- **How to complete this task**
Each line of the records below that holds "Hotel" should be copied out.

**** Record extracts ****

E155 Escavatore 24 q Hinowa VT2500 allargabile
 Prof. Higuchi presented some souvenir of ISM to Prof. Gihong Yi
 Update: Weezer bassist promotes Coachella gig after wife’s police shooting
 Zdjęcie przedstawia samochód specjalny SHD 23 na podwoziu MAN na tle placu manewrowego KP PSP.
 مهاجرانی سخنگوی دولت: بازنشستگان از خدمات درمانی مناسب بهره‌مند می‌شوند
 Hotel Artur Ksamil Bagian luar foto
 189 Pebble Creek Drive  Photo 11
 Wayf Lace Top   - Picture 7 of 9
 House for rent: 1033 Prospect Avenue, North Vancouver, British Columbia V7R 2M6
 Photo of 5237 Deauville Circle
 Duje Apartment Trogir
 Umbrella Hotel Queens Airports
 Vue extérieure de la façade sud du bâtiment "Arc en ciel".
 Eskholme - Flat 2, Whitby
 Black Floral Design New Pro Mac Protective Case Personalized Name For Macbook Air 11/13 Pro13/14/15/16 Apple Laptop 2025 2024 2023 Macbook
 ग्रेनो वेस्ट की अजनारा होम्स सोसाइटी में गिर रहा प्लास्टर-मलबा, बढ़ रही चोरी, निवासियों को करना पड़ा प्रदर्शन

****

- **Solved exercise**
 Hotel Artur Ksamil Bagian luar foto
 Umbrella Hotel Queens Airports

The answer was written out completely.